In 1871, Congress officially ended the treaty-making process with Indian tribes. By the 1870s, most tribes had (both voluntary and not) signed treaties with the United States delineating reservation boundaries. Though boundaries continued to change well into the 20th century, the acknowledgement of Native right to the land through the initial treaties formed the basis of reservations. On September 7, 1916, the United States established Rocky Boy's Reservation in Montana for the Chippewa and Cree tribes despite the push at the time to force Native groups to assimilate into white society.

Originally from the Great Lakes region, like many other tribes, the Chippewa began pushing west as fur trade resources in the area were depleted, stopping in the Turtle Mountains in North Dakota. While no one can pinpoint exactly when the Chippewa left the Turtle Mountains and moved to Montana, many think they moved to Montana under the leadership of Chief Rocky Boy, or accompanied Chief Little Shell and his band of Chippewa in the late 19th century. Notably, Little Shell's Band of Chippewa has not yet received federal recognition. (Bryan, 69)

The Cree were also originally from the Great Lakes region, though largely lived far north in present-day Canada. They entered present-day Montana in the 1700s. When the United States and Canada signed the treaty establishing the border in 1818, the US believed that the Cree were Canada's problem. Refusing to sign any treaties with Canada, the Cree continued to cross the US-Canadian border. In 1882, Big Bear, the then-leader of the Cree, signed a treaty with the Canadian government guaranteeing rations and governmental aid. Big Bear's band got involved in the Metis' struggles for recognition, ending in armed rebellion. Big Bear's son, Little Bear, escaped with about 200 followers seeking refuge on Flathead Reservation in Montana. They were refused sanctuary in 1887, so they camped near Fort Assiniboine and began looking for work in neighboring towns. (Bryan, 69)

When Montana received state recognition in 1889, they immediate tried to send the Cree back to Canada.

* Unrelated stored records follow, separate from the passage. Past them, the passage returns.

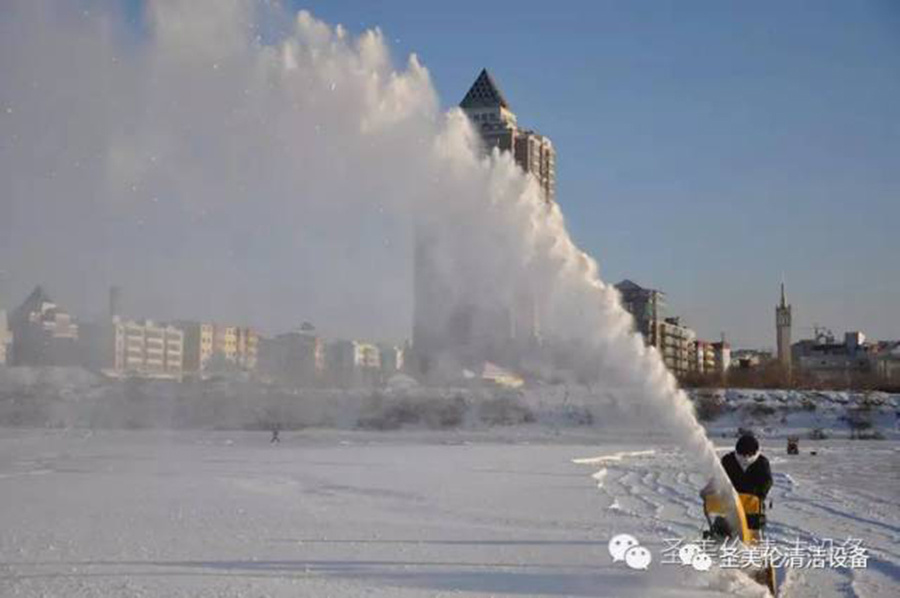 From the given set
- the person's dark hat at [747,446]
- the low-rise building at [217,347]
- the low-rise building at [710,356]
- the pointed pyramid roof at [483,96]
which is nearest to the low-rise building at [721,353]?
the low-rise building at [710,356]

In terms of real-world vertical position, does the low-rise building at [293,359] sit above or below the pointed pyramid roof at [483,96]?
below

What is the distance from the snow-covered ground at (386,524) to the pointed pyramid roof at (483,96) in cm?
939

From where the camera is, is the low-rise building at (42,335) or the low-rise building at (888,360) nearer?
the low-rise building at (42,335)

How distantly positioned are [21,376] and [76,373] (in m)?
2.80

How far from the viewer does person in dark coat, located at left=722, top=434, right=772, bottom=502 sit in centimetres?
975

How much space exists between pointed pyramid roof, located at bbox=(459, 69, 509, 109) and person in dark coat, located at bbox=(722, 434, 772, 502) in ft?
55.2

Little Bear held the Sun Dance in 1896, violating state and federal law, and was deported to Canada only to immediately return. The tribes settled around Helena, even refusing allotments on Blackfeet Reservation in 1911. While Chief Rocky Boy and his Chippewa followers were tolerated by Montanans as good, honest workers, the Cree under Little Bear attracted negative attention from locals. Chief Rocky Boy died in April of 1916. By September of the same year, President Woodrow Wilson signed an executive order establishing Rocky Boy's Reservation for both the Chippewa and the Cree. (Bryan, 70-71)

Agents administered to Rocky Boy's Reservation from Blackfeet and Fort Belknap Reservations, failing to establish sedentary farming methods for the previously un-rooted tribe.

"This was accentuated because plentiful employment could be found off the reservation when tribal members were supposed to be trying to learn and practice agriculture on their tribal lands. And then, in the winter when employment was most needed, it wasn't available...Despite the reservation's bleak semi-arid landscape, the first agricultural efforts began to bear fruit. However, a severe drought beginning in 1917 nullified self-sufficiency through agriculture." (Bryan, 71)

Despite falling farm prices, the Depression, and reduced federal funds, the Chippewa and Cree tribes have more than doubled their original land base of 55,040 acres to 121,000 acres. They are still the smallest tribe in Montana. Their reservation never experienced allotment. Currently, tribal members can apply for anywhere from one to 160 acres for their use during their lifetimes. (Bryan, 73) The land, unlike allotments, is not inherited which eliminates all modern problems associated with fractionation. Agriculture remains unviable, but the tribe has realized moderate success in ranching. (Bryan, 74)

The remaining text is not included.